The original purpose of this for a particular use in combination with Castle Monorail and LINQ-to-SQL, but it has been made general purpose, so you may find a use for it in other environments.
Now, when LINQ-to-SQL was still in beta, the
DataContext
object had a property which held, as a string, the SQL generated from the LINQ query. As I was writing a Monorail website, I often assigned that property to a value in the
PorpertyBag
(which is just a IDictionary
, not even a
IDictionary<K,V> -- PropertyBag[“SQL”] = db.Log;)
, and write it in an HTML comment on the webpage, so I could see I was getting what I expected. However, the designer eventually realized that a string property wasn’t good enough, as the Linq query could produce several SQL statement, some of which would be based on the response from the earlier ones.
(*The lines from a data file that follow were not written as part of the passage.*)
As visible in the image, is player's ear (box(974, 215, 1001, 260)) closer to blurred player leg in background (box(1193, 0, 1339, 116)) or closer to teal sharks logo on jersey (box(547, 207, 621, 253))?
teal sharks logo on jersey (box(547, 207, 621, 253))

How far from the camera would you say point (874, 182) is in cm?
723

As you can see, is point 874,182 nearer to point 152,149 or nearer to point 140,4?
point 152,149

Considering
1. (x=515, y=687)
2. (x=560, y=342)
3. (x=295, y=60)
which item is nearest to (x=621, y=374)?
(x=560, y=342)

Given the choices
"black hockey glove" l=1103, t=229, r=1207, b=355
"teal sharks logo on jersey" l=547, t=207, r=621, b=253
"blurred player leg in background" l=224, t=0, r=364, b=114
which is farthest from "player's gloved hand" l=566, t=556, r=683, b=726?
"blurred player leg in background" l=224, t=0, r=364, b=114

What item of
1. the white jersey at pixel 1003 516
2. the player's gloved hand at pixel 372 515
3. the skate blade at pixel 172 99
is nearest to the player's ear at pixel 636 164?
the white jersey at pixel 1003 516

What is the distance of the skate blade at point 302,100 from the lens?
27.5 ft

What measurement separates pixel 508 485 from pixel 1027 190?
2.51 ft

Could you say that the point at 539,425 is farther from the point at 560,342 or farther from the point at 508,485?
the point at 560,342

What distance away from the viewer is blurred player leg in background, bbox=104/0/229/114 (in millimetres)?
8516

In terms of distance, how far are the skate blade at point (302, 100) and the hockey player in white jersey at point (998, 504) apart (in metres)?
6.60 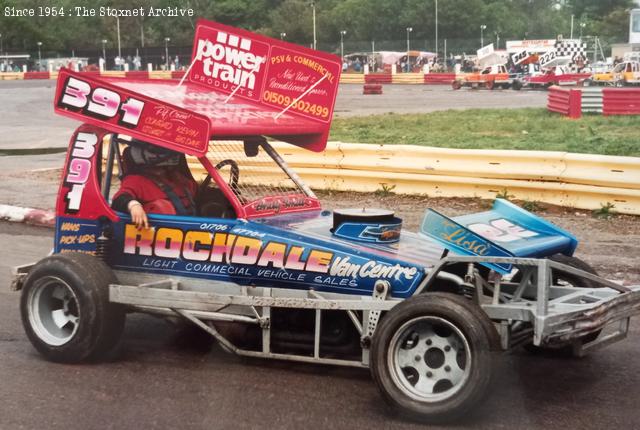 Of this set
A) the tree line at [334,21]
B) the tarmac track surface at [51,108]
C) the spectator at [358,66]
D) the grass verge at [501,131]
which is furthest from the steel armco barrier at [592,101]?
the spectator at [358,66]

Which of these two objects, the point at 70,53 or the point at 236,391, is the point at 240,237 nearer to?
the point at 236,391

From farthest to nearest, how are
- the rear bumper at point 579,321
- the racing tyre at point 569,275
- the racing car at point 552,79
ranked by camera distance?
the racing car at point 552,79, the racing tyre at point 569,275, the rear bumper at point 579,321

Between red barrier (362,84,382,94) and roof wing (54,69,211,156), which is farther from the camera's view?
red barrier (362,84,382,94)

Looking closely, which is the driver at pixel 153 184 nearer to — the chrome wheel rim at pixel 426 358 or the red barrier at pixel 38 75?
the chrome wheel rim at pixel 426 358

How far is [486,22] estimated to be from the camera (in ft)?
237

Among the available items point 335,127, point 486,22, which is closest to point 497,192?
point 335,127

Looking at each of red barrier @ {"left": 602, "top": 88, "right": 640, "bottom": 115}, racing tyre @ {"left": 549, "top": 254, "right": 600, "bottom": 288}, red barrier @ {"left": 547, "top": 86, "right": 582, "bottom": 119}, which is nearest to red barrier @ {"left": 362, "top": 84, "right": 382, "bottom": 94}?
red barrier @ {"left": 547, "top": 86, "right": 582, "bottom": 119}

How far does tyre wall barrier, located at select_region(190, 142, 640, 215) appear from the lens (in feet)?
33.1

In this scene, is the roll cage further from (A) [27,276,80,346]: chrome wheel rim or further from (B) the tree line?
(B) the tree line

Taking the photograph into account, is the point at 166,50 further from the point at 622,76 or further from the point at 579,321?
the point at 579,321

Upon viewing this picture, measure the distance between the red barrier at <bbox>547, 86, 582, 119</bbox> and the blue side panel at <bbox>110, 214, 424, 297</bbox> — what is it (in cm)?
2006

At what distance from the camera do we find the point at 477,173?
10.9 metres

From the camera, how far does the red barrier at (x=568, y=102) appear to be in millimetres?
23891

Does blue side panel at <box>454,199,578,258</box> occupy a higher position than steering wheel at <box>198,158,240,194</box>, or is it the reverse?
steering wheel at <box>198,158,240,194</box> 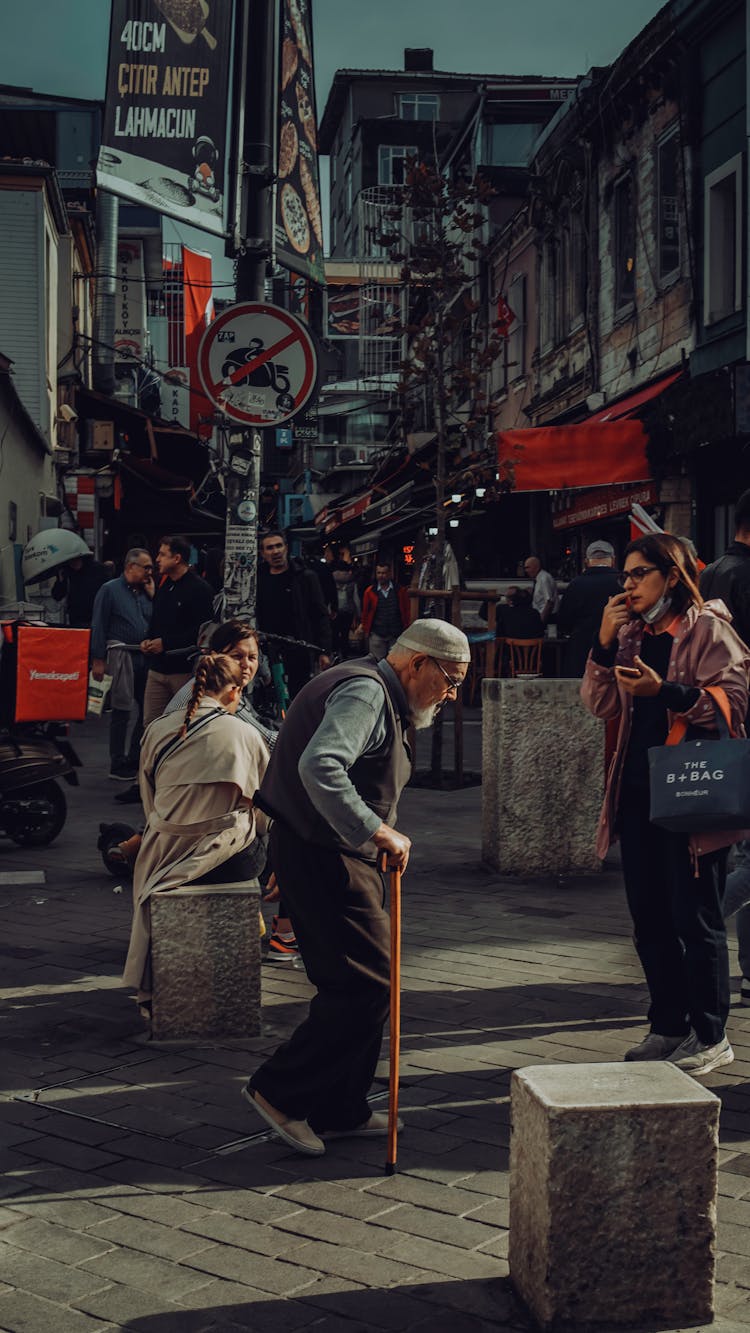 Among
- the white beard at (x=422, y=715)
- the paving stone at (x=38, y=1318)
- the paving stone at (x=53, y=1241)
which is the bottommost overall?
the paving stone at (x=38, y=1318)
So, they replaced it with a property which can be set to a TextWriter and have the SQL output written there. So, to use it the way I was before, I needed a
TextWriter
-ish object, which would set it’s output to a value in a Dictionary (db.Log = new PropertyBagTextWriter(“SQL”, PropertyBag);
). The important point here is that it’s self-contained. Once we set the property to the
PropertyBagTextWriter
object, we should never have to interact with it again. The value should just appear in the dictionary when it’s ready.
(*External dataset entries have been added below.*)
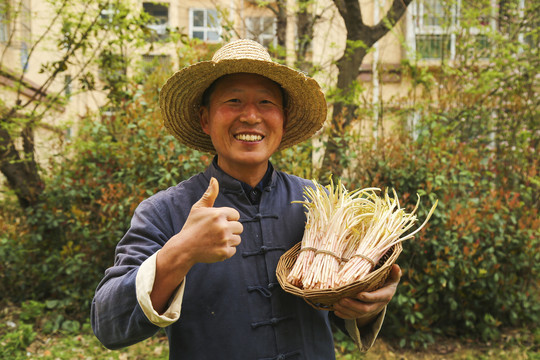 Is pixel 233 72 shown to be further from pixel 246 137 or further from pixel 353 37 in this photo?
pixel 353 37

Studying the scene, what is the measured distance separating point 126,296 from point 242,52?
3.28ft

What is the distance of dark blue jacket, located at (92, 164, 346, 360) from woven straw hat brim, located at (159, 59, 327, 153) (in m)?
0.37

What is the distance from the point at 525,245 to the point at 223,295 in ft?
13.3

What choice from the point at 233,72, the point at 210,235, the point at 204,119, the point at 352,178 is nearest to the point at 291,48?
the point at 352,178

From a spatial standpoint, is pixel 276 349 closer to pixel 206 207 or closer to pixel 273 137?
pixel 206 207

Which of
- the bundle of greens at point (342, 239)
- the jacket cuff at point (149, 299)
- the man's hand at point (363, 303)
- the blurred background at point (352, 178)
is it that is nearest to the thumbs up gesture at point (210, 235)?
the jacket cuff at point (149, 299)

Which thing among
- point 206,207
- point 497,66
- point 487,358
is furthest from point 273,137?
point 497,66

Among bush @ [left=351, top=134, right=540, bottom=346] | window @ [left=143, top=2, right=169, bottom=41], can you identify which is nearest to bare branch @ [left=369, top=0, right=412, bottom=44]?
bush @ [left=351, top=134, right=540, bottom=346]

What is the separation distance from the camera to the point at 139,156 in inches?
180

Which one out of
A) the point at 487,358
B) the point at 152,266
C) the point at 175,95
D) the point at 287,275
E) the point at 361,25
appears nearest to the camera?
the point at 152,266

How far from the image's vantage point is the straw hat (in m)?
1.68

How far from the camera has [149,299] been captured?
4.02 feet

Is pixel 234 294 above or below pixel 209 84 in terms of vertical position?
below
The code itself is fairly straightforward. Start by deriving a new class from
StringWriter
, which is usually the best way to create a customized
TextWriter
. That way, it’s handle the details of gathering and formatting the data from the stream, and all we have to deal with is the string at the end.
class ProperyBagTextWriter : StringWriter
{
Next, we’re going to need to know the dictionary the output will be stored in, and the key, so we accept those in the constructor, and hold on to them for later:
public ProperyBagTextWriter(string key, IDictionary bag)
{
this.key = key;
this.bag = bag;
}
string key;
IDictionary bag;
Then the key point: When we get a Flush()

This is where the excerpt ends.